Ao longo dos anos, a eficiência térmica das caldeiras foi incrementada atingindo valores da ordem de 88% ao PCi, inclusive com a chegada das caldeiras de Leito Fluidizado, e isso foi possível graças ao bagaço que dispúnhamos naquela oportunidade. Atualmente, as características do bagaço mudaram significativamente com a chegada da colheita mecanizada, interrupção das queimadas e da lavagem da cana com água na entrada das moendas, causando uma piora na qualidade do bagaço como combustível e agregando elementos indesejáveis, tais como o enxofre e o cloro.
Para as novas caldeiras de leito fluidizado isso não afeta, pois podem operar com bagaço de até 65% de umidade e neutralizar o enxofre já na areia do leito. Porém, o projeto da maioria das caldeiras existentes, ficou inadequado para o “novo bagaço” exigindo novos desafios na adequação dessas unidades, objetivando reduzir o elevado custo de manutenção, causado principalmente pelo desgaste devido ao ataque químico e corrosão nas partes pós-caldeira.
Na área de utilização do vapor, surgiram turbinas de reação, com altíssima eficiência termodinâmica e com capacidades que não se limitam mais aos 50 MW de outrora, podendo ser utilizadas turbinas que acionam geradores diretamente a 3.600 RPM, sem redutor – como exemplo cito o caso da Usina Delta, com turbo gerador de 75 MW.
Se na aplicação de novos equipamentos houve uma resposta importante oferecida pelo mercado, na aplicação de ciclos térmicos de maior eficiência, ainda estamos avançando lentamente e, a meu ver, esse é o maior desafio do momento.
Para o ciclo Rankini convencional, temos um potencial conhecido, que se aproxima dos 100 kW/TC de excedente de energia elétrica a ser exportado, dependendo do consumo específico do vapor de processo, conforme relacionado no diagrama abaixo. Porém o ciclo Rankini pode ser melhorado com a utilização dos seguintes artifícios: aplicação de sangrias nas turbinas e trocadores de calor regenerativos, proporcionando maior temperatura na água de alimentação das caldeiras e/ou ar de combustão.
Aplicação do ciclo Rankini com reaquecimento do vapor, o que implica na colocação de superaquecedores terciários nas caldeiras.

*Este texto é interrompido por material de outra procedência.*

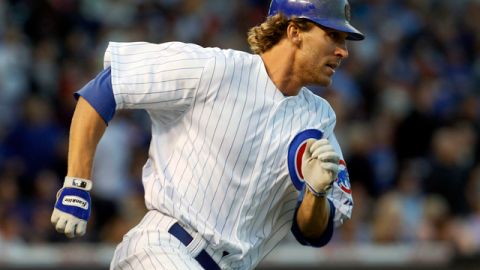 Joe Mather de los Cachorros le sacó jonrón de dos carreras al lanzador venezolano Johan Santana.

Com os artifícios acima, pode-se ultrapassar a barreira dos 100 kW/TC de excedente de energia elétrica a ser exportado.
Outra oportunidade, que começa a ser estudada é referente à utilização do biogás, oriundo do tratamento da vinhaça, que pode ser utilizado em turbinas a gás, dando origem à aplicação de ciclos combinados e ciclos híbridos, quando podem ser utilizadas turbinas a gás com caldeiras de recuperação e posterior turbina a vapor.
Essa possibilidade deixa clara a vocação energética do setor, ou seja, ainda temos um caminho muito longo a percorrer. Ainda restam alguns desafios a serem vencidos, não relacionados com a tecnologia diretamente, mas que dificultam a expansão da produção de energia verde oriunda da biomassa, quais sejam: • preço justo para energia de fonte renovável; • linhas de financiamento com taxas que não inviabilizem projetos, e • menor burocracia para a liberação de licenças ambientais.